Sandra knows many people decide against buying disability insurance due to price objections. She also believes this is a short-sighted mistake and likes to address the issue head on. Before providing disability insurance quotes, Sandra has a frank discussion about money to see how much the prospect is willing and able to pay. She finds out that her prospect has some student loan debt, but not much. Saving for retirement is a much bigger priority for him. Any money he spends on disability insurance will take away from money he could have put aside for retirement.
Sandra also has some handouts ready to make the financial case for disability insurance. These show how coverage provides a good value by protecting policyholders’ most valuable asset – their paychecks – and how locking in good rates while a person is still young and healthy can save money in the long run. The prospect has some concerns about the cost, but these handouts seem to help.
Sandra obtains five disability insurance quotes for her prospect. As she knows her prospect is worried about the cost, she wants to show him a bare bones option that provides minimum protection at the lowest possible cost as well as some other options that provide a great value by offering additional benefits for just a little more. She avoids any extra bells and whistles that her client won’t be interested in because she doesn’t want to bloat the price, but she does include some options with retirement benefits riders that could ease the prospect’s concerns about saving for retirement.
When the disability quotes are ready, Sandra shows them to her prospect. She takes time to go over each one, explaining the strengths and weaknesses. Then, Sandra asks her prospect to select one. He selects an option with a middle-of-the-road cost and some retirement saving benefits. Sandra finalizes the underwriting and seals the deal.
Since Max has dealt with price objections, he tries to avoid discussing the cost of disability insurance as much as possible. Instead, he focuses on the available riders. As a result, he’s unsure what his prospect’s budget is. Since the prospect is interested in almost all of the riders Max recommends, Max obtains a couple of disability insurance quotes for policies with all the bells and whistles.
The prospect loves the terms but balks at the cost. It’s much more than she expected and she’s unsure it’s a smart investment.
Max points out that the policies have all the desired riders, implying that a less expensive policy might not be worthwhile. The prospect goes back and forth. In the end, she never makes a decision. After several weeks, Max gives up on the sale.
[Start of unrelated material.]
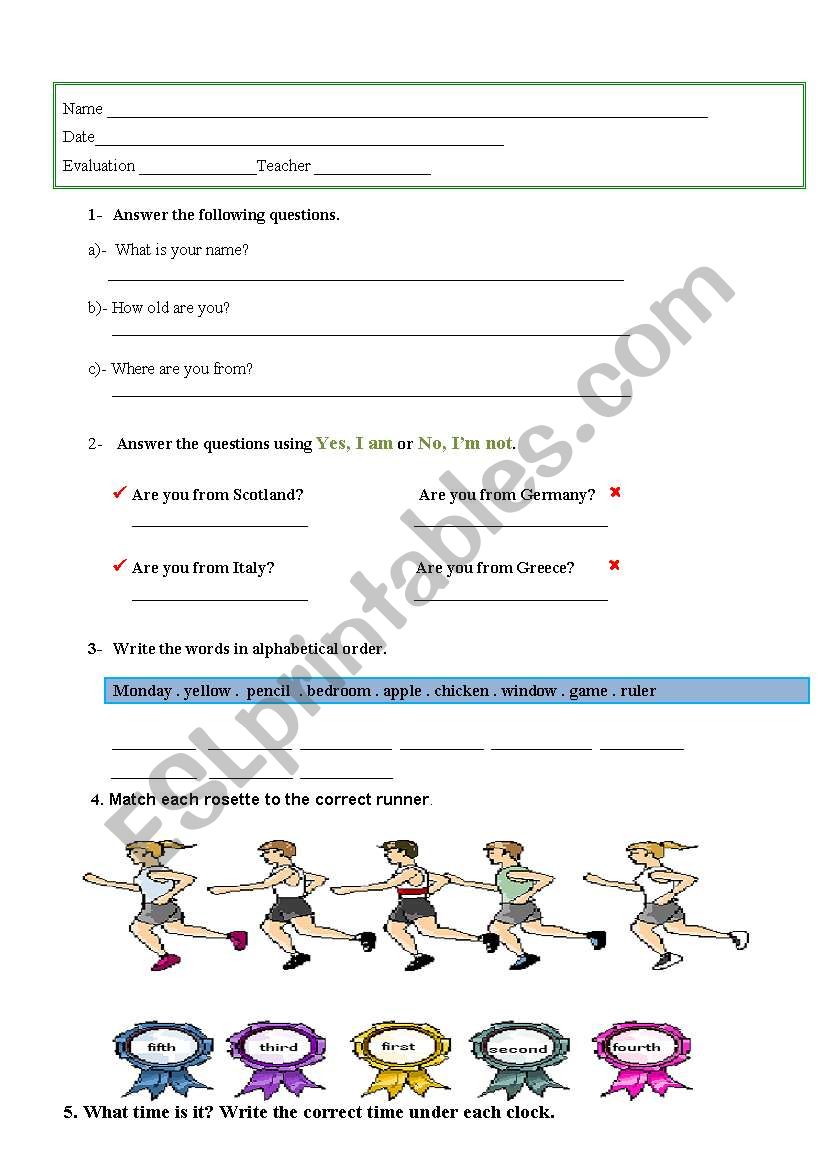 test worksheet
Ashley knows her prospect is worried about cost because he has brought up price objections multiple times. Each time he tries to bring up cost, Ashley dismisses his concerns and diverts the conversation.
The prospect reluctantly agrees to look at some quotes. Ashley secures one disability insurance quote for a robust policy. The prospect says it’s simply too expensive and does not respond to any of Ashley’s follow-up attempts.
How to Seal the Deal
When prospects look at quotes, many are still on the fence about buying coverage. A great quote that meets the prospect’s coverage and financial needs can seal the deal, whereas an ill-suited quote can cause the sale to come to a grinding halt. Even prospects who were planning to buy coverage may change their minds if they receive quotes that don’t match their needs – for example, if the cost is much higher or the terms are much more restrictive.
- Dig into your prospects’ needs. Your prospects might not know enough about disability insurance to articulate which riders they want or know how much they should expect to pay. It’s your job to ask questions to figure this out. In addition to determining how much prospects can afford to spend on disability insurance each month, ask questions about their jobs to determine which definition of disability they need and about their financial goals to determine which riders will most appeal to them.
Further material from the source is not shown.